In knitting, this greatly expands the project. If you look at the photo of the scarf, you will see that the letters take up less space than the stripes of the code. In addition, in knitting there is the issue of color changes and weaving in ends. I carried the yarn up the sides to avoid having over 100 loose ends to weave. A final consideration with knitting is changing colors on odd or even numbers of rows. In flat knitting, it is easiest to change colors every two rows. Originally, I tried to expand the barcode so that one row of pixels equalled a two-row stripe. That gave me a pattern repeat in the range of 250-300 rows. Eventually, I chose to knit the scarf in the round, to facillitate frequent colr changes of one-row stripes. I knit the scarf as a closed-end, double knit tube to make it more interesting for myself. After knitting about 6 inches of the pattern, I decided to use the tube to hold my iPod or cellphone, leaving an opening that was later bordered in 1x1 ribbing.

After the barcode portion was completed, I knit the remainder of the scarf in plain black. This portion was knit on double pointed needles and I just knit until I used up nearly all of the black yarn. The final length is 55 inches, which is rather short for a winter scarf, but just right for holding my ipod at a comfortable level.

The last step in the main scarf was to duplicate stitch the name "bellflur" on the solid portion of the scarf. I used chart that I made some time ago. The chart was made from the band's logo that I charted using KnitPro and then altered to get the effect I wanted. I found it frustrating to duplicate stitch black yarn, at a small gauge, in a long, narrow, tube.

The final steps were to bind off the knitting and add fringe. The loose ends were tucked inside the scarf.
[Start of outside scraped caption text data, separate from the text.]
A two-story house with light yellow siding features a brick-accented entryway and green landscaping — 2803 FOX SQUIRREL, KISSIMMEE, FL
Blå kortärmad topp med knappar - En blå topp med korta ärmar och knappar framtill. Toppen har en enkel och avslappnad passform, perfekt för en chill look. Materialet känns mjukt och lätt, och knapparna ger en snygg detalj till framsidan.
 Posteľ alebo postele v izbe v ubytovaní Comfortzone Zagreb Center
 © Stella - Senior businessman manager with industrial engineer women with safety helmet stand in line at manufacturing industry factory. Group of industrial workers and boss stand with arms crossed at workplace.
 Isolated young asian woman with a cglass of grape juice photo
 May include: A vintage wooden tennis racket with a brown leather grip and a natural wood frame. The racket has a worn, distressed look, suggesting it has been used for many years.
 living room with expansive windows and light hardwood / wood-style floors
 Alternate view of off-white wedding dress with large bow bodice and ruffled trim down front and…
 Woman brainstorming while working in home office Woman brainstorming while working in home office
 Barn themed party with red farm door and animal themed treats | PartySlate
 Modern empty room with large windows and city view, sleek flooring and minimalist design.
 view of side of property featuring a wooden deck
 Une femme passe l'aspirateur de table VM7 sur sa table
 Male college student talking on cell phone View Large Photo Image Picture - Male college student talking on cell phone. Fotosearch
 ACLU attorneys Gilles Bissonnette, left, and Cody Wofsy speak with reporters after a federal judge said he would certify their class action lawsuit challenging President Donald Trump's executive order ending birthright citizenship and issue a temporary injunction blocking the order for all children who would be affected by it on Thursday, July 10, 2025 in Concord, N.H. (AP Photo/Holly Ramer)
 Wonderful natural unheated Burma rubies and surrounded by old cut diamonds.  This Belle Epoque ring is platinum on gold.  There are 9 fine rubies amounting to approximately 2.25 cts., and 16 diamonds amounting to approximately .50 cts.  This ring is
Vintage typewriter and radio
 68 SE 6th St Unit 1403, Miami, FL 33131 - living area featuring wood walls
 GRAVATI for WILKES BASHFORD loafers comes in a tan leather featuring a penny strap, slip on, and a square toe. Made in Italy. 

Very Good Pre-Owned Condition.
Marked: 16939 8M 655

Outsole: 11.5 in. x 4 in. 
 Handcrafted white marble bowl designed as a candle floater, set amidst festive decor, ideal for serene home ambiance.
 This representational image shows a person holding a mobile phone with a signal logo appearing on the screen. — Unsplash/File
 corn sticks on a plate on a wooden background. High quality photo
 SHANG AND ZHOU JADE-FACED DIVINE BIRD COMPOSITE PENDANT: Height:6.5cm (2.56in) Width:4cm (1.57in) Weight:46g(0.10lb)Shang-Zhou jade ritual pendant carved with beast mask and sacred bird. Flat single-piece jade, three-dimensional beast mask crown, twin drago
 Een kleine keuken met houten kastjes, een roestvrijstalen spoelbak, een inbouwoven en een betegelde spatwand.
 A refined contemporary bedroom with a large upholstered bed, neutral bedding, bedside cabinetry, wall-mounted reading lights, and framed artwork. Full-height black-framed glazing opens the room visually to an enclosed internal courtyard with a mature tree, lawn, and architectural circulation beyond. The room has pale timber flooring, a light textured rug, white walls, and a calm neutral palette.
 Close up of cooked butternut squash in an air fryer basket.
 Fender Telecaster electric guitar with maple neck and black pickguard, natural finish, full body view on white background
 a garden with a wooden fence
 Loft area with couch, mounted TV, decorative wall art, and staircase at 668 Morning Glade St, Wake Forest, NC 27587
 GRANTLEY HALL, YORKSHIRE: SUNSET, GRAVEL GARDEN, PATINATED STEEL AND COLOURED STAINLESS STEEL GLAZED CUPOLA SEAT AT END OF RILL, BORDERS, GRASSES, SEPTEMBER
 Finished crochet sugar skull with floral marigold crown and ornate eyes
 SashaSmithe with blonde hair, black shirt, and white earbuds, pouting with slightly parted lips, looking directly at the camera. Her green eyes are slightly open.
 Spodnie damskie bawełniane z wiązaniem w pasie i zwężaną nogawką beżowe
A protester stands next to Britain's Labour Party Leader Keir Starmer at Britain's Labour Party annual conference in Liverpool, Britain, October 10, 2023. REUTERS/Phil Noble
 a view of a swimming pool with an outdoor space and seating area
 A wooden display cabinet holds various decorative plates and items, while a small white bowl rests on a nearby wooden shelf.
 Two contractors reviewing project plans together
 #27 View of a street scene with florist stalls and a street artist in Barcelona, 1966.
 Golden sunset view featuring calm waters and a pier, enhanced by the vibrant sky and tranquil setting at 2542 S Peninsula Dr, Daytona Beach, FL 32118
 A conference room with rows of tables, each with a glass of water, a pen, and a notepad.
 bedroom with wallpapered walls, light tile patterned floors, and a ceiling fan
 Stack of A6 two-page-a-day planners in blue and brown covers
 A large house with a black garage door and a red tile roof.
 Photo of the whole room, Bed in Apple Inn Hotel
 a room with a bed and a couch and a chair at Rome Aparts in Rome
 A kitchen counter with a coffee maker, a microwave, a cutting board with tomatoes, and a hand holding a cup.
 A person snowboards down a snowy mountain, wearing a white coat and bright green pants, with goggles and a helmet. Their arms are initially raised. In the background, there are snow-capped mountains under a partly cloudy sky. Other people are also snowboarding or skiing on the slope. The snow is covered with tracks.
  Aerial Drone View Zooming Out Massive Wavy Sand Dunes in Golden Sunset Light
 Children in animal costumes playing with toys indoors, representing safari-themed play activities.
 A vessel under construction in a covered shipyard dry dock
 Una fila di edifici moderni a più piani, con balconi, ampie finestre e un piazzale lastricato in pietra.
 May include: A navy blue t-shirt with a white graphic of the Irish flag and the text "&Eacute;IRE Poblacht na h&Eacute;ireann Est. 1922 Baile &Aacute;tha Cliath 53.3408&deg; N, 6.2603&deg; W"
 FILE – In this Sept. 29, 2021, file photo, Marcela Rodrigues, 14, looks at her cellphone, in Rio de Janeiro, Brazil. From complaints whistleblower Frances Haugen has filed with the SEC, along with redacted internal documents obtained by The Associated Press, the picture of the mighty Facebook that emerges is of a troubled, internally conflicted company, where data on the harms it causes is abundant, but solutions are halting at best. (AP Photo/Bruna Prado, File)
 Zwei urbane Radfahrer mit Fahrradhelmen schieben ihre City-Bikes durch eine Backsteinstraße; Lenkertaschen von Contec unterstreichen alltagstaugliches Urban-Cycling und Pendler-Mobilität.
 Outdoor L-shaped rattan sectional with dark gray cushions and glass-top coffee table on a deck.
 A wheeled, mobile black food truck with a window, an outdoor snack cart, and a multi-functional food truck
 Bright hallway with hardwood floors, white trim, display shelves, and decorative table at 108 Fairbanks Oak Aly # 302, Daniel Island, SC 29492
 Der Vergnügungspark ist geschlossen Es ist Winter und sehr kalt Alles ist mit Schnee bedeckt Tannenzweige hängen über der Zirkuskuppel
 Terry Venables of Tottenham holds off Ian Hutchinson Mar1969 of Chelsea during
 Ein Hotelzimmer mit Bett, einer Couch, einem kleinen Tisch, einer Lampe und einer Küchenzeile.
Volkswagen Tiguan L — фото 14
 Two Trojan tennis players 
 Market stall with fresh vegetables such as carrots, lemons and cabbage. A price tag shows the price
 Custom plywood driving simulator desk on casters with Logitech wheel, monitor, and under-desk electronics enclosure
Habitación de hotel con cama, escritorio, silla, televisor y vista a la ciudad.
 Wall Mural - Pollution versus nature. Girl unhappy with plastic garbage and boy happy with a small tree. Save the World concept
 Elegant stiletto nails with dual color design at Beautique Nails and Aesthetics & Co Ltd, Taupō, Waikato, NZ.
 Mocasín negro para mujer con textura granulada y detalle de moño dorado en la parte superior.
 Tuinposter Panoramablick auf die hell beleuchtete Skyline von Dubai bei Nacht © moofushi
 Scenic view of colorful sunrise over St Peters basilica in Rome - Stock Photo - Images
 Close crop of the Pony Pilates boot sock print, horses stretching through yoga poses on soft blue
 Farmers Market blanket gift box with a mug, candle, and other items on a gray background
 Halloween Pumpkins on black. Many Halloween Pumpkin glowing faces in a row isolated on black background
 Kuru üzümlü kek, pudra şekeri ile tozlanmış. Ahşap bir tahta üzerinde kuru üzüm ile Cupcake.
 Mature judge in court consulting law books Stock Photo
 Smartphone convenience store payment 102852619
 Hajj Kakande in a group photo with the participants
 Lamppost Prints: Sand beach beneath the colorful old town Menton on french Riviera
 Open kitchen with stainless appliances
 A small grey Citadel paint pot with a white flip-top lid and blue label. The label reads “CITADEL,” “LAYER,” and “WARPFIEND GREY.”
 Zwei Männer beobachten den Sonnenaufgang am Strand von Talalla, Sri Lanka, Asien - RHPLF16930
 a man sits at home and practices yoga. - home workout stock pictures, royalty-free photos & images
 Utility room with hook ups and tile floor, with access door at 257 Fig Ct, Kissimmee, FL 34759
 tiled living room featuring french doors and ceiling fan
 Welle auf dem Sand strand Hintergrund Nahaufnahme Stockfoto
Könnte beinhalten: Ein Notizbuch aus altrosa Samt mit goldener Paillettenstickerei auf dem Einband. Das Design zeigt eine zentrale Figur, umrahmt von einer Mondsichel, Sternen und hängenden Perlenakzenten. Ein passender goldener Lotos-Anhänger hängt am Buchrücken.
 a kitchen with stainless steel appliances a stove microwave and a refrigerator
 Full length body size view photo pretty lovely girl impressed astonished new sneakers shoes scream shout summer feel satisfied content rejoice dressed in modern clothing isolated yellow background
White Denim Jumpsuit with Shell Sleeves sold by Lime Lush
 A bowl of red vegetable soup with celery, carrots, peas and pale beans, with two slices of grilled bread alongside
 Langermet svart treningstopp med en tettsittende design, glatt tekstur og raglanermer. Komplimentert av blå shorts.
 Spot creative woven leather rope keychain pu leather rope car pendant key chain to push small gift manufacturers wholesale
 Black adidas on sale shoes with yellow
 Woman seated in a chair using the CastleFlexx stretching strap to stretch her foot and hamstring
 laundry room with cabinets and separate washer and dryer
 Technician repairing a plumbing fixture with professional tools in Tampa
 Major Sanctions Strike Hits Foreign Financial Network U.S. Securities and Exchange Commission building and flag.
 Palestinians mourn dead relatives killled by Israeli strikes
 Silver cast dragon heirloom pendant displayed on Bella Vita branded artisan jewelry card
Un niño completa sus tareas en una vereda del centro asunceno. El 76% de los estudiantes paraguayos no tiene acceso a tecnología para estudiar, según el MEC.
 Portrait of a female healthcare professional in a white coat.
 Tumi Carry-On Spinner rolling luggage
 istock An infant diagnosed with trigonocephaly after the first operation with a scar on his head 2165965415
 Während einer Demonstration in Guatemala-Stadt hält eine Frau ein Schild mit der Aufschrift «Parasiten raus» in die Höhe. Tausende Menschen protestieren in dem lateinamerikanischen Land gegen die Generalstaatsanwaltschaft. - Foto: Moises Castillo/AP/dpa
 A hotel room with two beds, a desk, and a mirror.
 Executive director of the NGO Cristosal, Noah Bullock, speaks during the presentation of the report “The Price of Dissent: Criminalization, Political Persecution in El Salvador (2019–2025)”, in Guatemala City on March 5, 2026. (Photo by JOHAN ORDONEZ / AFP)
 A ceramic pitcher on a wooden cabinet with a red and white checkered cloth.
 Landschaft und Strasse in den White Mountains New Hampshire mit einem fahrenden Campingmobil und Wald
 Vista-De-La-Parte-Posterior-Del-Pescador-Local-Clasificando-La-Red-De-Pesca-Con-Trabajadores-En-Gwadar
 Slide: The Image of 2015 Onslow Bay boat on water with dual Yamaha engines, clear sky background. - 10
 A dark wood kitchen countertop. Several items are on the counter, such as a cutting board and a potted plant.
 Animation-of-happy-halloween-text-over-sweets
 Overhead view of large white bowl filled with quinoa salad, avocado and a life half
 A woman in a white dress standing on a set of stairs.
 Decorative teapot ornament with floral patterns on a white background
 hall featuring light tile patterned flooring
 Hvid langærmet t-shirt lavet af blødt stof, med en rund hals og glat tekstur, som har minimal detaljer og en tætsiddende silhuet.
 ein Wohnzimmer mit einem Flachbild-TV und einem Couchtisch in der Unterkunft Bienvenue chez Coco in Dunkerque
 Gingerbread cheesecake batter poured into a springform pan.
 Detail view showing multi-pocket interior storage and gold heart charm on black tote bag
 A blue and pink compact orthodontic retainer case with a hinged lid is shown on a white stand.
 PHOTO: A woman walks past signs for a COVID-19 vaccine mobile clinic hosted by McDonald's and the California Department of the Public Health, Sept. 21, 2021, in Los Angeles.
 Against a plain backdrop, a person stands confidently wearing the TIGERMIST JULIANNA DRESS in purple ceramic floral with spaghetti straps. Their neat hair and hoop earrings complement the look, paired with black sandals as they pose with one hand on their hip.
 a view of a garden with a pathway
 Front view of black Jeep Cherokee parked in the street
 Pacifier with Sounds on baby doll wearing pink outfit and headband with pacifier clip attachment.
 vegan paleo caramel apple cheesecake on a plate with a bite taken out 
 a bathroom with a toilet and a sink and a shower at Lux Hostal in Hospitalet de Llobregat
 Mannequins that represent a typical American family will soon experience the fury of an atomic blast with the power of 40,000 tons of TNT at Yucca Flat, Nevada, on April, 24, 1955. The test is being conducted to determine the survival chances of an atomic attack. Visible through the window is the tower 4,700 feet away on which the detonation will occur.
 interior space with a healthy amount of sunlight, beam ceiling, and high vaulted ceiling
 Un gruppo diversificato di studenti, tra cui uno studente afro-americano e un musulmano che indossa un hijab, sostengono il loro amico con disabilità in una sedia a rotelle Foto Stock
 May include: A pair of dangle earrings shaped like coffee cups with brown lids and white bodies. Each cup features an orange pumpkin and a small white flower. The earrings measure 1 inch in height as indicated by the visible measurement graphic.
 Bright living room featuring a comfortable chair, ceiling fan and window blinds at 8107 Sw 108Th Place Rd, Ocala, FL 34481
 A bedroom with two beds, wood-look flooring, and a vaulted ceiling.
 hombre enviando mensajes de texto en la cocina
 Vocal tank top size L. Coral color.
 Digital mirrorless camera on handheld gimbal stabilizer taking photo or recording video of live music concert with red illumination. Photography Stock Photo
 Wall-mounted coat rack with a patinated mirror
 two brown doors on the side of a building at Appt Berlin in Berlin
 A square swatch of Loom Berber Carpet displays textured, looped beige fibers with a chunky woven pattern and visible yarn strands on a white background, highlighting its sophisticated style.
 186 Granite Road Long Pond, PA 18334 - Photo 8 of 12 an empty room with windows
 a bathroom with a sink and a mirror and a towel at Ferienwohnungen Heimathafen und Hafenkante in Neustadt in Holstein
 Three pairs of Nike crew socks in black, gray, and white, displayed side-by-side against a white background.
I am SO glad this thing is done. This project had an idea that I loved. I hated the execution. If I do another barcode project, I will choose a different yarn and perhaps knit it using a knitting machine, flat. I will definitely do it at a much larger guage. I fit the project to use the yarn I had available in black and white. I may try another version of barcode, called AZTEC next because it appears to be graphically intersting.

Wednesday, July 22, 2009

Jelly fish

The photo shows jellyfish, "moon jellies", my current model and inspiration. Jellyfish, invertebrates and bioluminescence have been interests of mine for years. I want to do something that has a passing resemblance to the real creature. I don't like cutesy, anthropomorhic versions with faces.
I started out trying to use some of my stash of glow yarn, but it wasn't right. I want to get something that is truly transparent or at least translucent. I've tried knitting strips of thin clear plastic from the dry cleaners. It was just awful, soft slippery, sticky at the wrong time, very frustrating. Besides that, at the end of the evening, my husband was making comments about my "descent into madness". Next morning, the plastic went into the trash. I went out and purchased two thicknesses of nylon monofilament fishing line to try. It is knittable. I am trying to find a tolerable way to start this project. Once established, it should work well. I will get the transparency I want and will use glow-in-the-dark yarn for the luminous parts.

Saturday, July 4, 2009

Aberration, Anniversary, Independence

This is the one year anniversary of this blog. The embarrassing photo at left is Penguin, a "retired" feral cat who adopted us a couple years ago. Today I gave him cause to re-think that decision. I saw the blogpost about International Cat Hats, some time ago and just loved it. Normally, I don't humiliate the cats or make demands on them. They are independent contractors. This was the exception. I knit the crown overnight and got photos today. The photo part was hard. My husband is not a photographer and certainly not for cats. This was the best I could get. There was another photo shoot, with my cat, Raven, that was an unmitigated, blurry disaster. If my husband had shot video, it would have been fun. As it is, neither cat is speaking to me.